§ Assignment: Reproduce each line of the material exactly, minus any picture.
═════ Given data
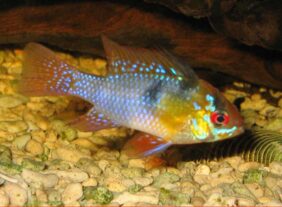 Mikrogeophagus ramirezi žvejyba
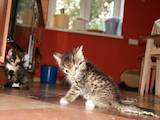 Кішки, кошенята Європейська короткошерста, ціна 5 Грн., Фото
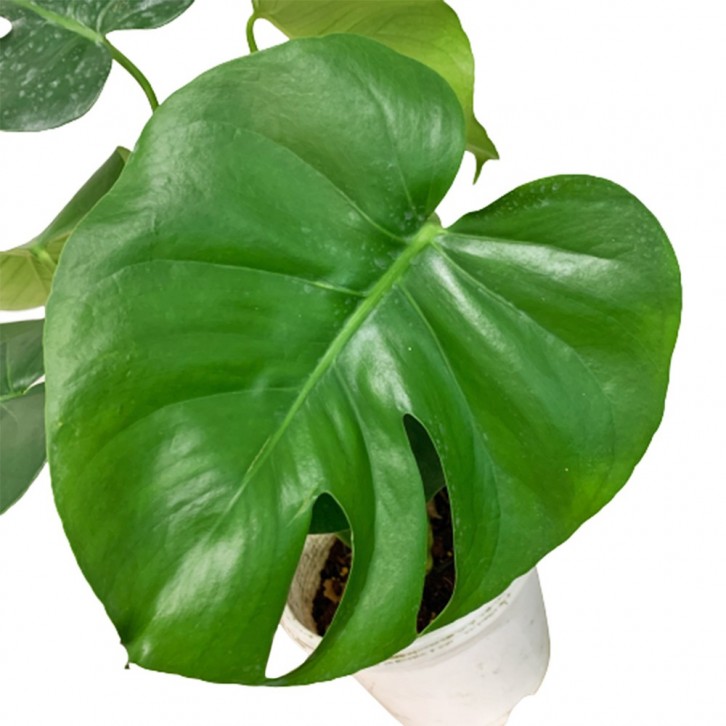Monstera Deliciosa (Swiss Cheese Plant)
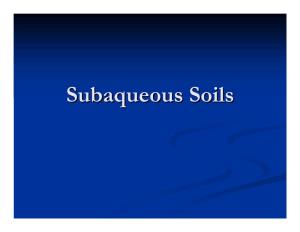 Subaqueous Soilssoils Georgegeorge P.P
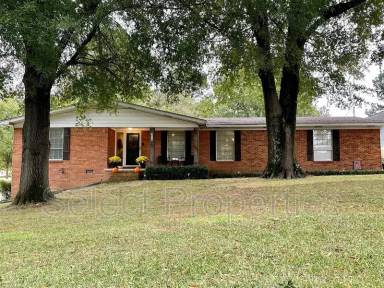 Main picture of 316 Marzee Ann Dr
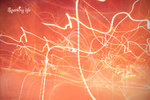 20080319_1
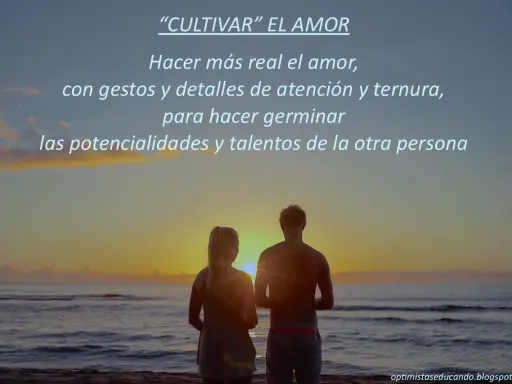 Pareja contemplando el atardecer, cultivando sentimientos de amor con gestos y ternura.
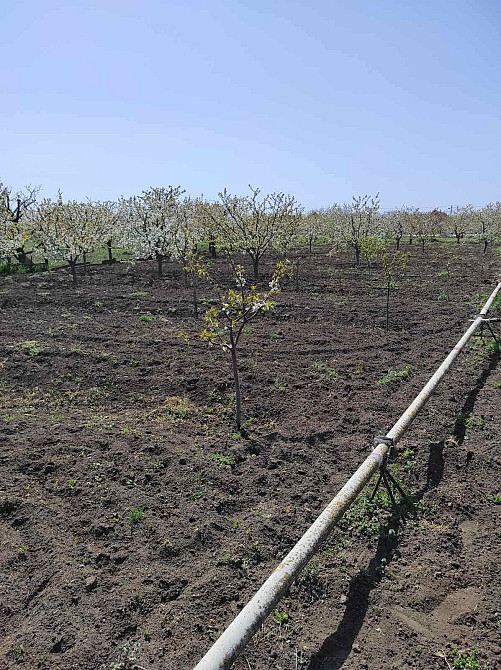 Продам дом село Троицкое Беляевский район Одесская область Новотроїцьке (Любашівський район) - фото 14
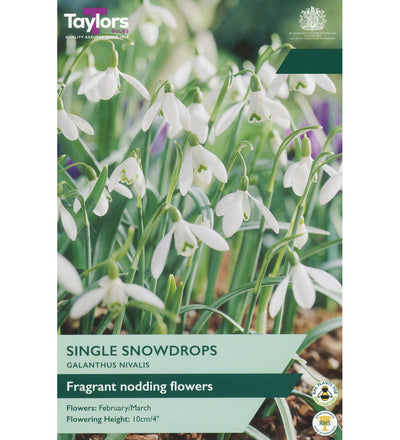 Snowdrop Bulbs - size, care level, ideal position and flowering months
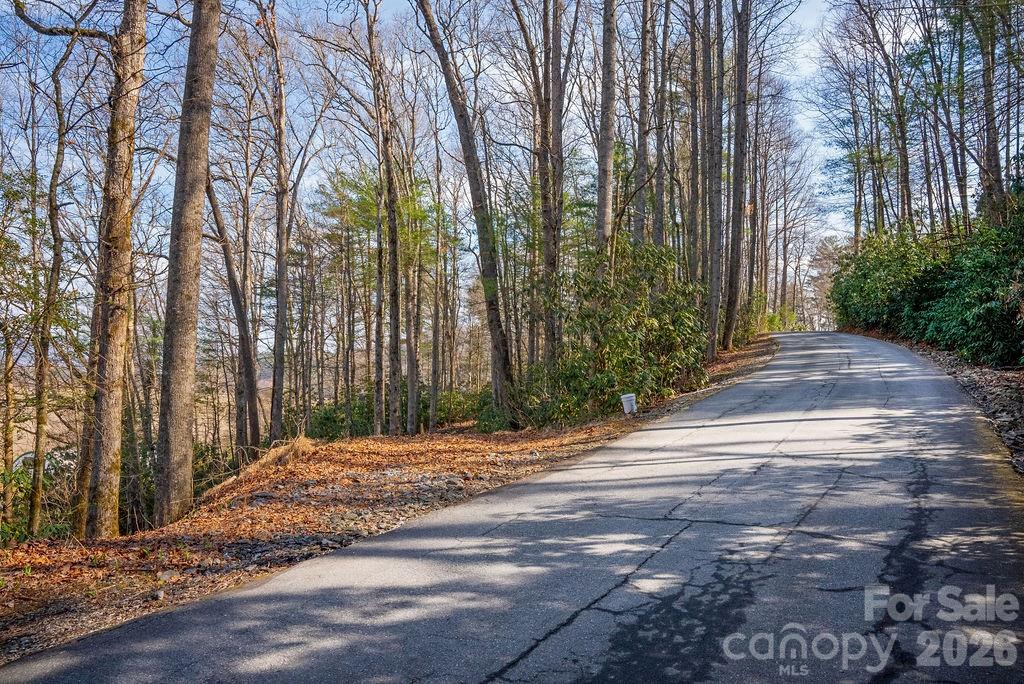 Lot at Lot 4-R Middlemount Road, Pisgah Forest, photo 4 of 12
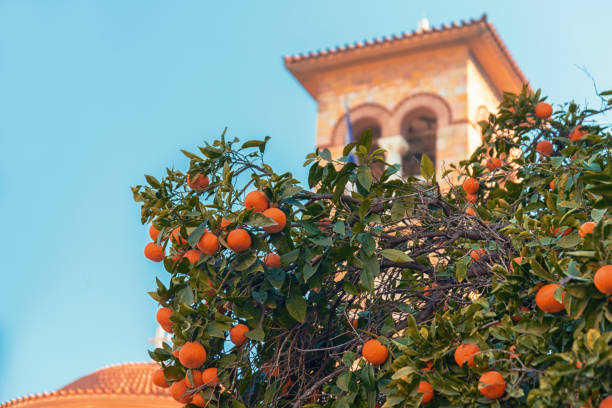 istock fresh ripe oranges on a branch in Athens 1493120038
══════════
§ Task solution:
 Mikrogeophagus ramirezi žvejyba
 Кішки, кошенята Європейська короткошерста, ціна 5 Грн., Фото
Monstera Deliciosa (Swiss Cheese Plant)
 Subaqueous Soilssoils Georgegeorge P.P
 Main picture of 316 Marzee Ann Dr
 20080319_1
 Pareja contemplando el atardecer, cultivando sentimientos de amor con gestos y ternura.
 Продам дом село Троицкое Беляевский район Одесская область Новотроїцьке (Любашівський район) - фото 14
 Snowdrop Bulbs - size, care level, ideal position and flowering months
 Lot at Lot 4-R Middlemount Road, Pisgah Forest, photo 4 of 12
 istock fresh ripe oranges on a branch in Athens 1493120038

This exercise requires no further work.